On marrying a photographer
In response to a recent post, I received an email from Cait who wrote:
“Like you, my partner shoots with a large format camera and makes treks around the country (and sometimes the world) for his work. He plans to keep this up for the long term. As we plan for our future, marriage and babies included, I can’t help but think about the challenges our partnership and family will face under somewhat fleeting and unpredictable circumstances. I would love to learn about you and your wife’s perspectives on this subject and/or be directed to any personal accounts or resources that you know of on the work-life balance of a photographic family.”
In thinking about how to reply to this, I first turned to Robert Adams. As regular readers know, I’ve been immersing myself in his work lately. In the new Adams retrospective book, The Place We Live, there is an essay by Jock Reynolds entitled ‘Taken Together’ on the importance of Kerstin Adams in Robert’s life and work. Reynolds paints a fairly remarkable picture of marital harmony:
“Robert began to suspect that he wanted to abandon teaching and become a photographer. Kerstin was characteristically encouraging, and when her employment schedule allowed it, she became his partner in the field. He did most of the driving and she cooked (on a little stove they called “Mother Svea”); at dusk he loaded film holders inside a homemade dark box in the back of their panel truck while she brushed away mosquitoes; in small towns she kept up diversionary conversations with curious onlookers so that he could compose upside down on the view camera’s ground glass; and each day they enjoyed together the sweep of the land and sky, and the privilege of being there.”
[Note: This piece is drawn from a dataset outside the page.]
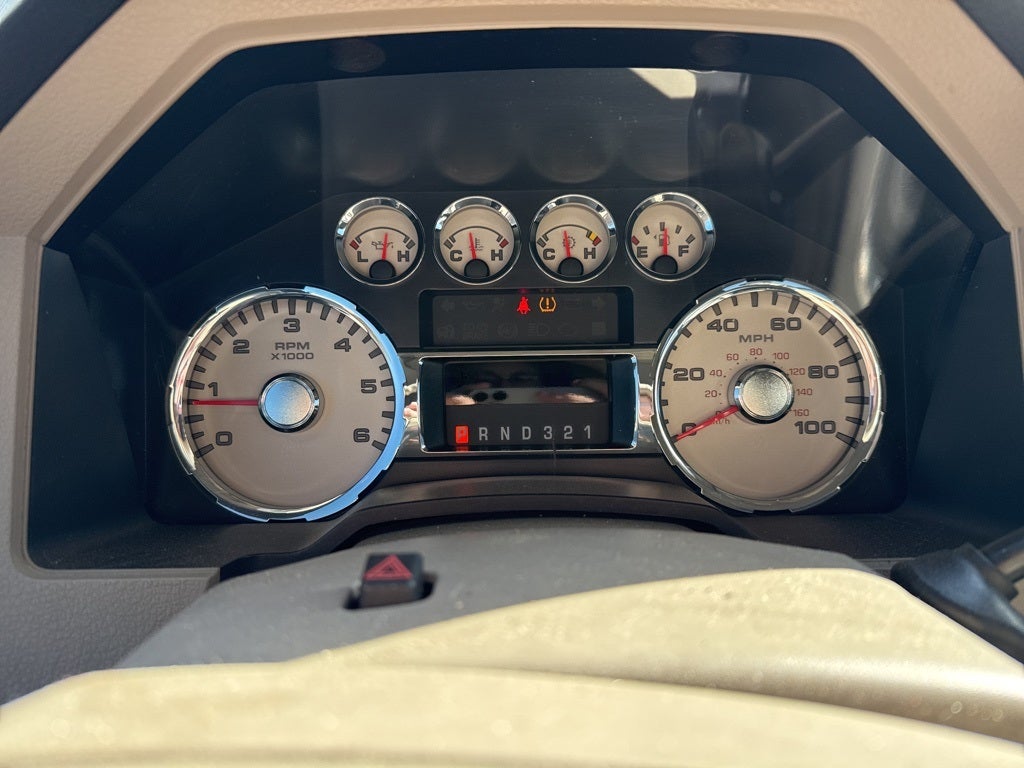 2009 Ford F-250SD Lariat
As is often the case when I think about Adams, I’m simultaneously impressed and discomfited. When I read about his life I feel like a carnivore reading the menu at a vegan restaurant.
So instead I turn to fellow carnivore Lee Friedlander and his wife Maria (I can’t imagine Adams eating peanut butter, tuna and cheese whiz on crackers!). Nobody has written more honestly about being the spouse of a photographer than Maria Friedlander.
On my old blog, I once quoted her powerful forward to a William Gedney book. Recently I came across Maria Friedlander’s introduction to her husband’s book Family:
“What is this Family Book? Is it our own family album? Is it our pictorial biography? Does this book tell us whether we are, to paraphrase Tolstoy in Anna Karenina, one of those happy families that are all alike or an unhappy family that is unhappy in its own way?”
She later writes:
“A book of pictures doesn’t tell the whole story, so as a biography this one is incomplete. There are no photographs of arguments and disagreements, of the times when we were rude, impatient, and insensitive parents, of frustration, of anger strong enough to consider dissolving the marriage. Lee’s camera couldn’t record our family dysfunctions. There are no photographs of Anna, Tom and Giancarlo during the three years in which they felt it would be better if they didn’t see us, and certainly no photographs of how Lee and I felt during that time. Tolstoy was right – when we’ve been an unhappy family we have been unhappy in our own way.”
Getting back to Cait and her concerns about marrying a photographer, I don’t think there is a good answer. Mixing marriage, kids, travel and artmaking is extremely challenging. It will sometimes be unhappy. “The challenge for artists is just as it is for everyone,” Robert Adams once said to a group of college students, “to face facts and somehow come up with a yes, to try for alchemy.”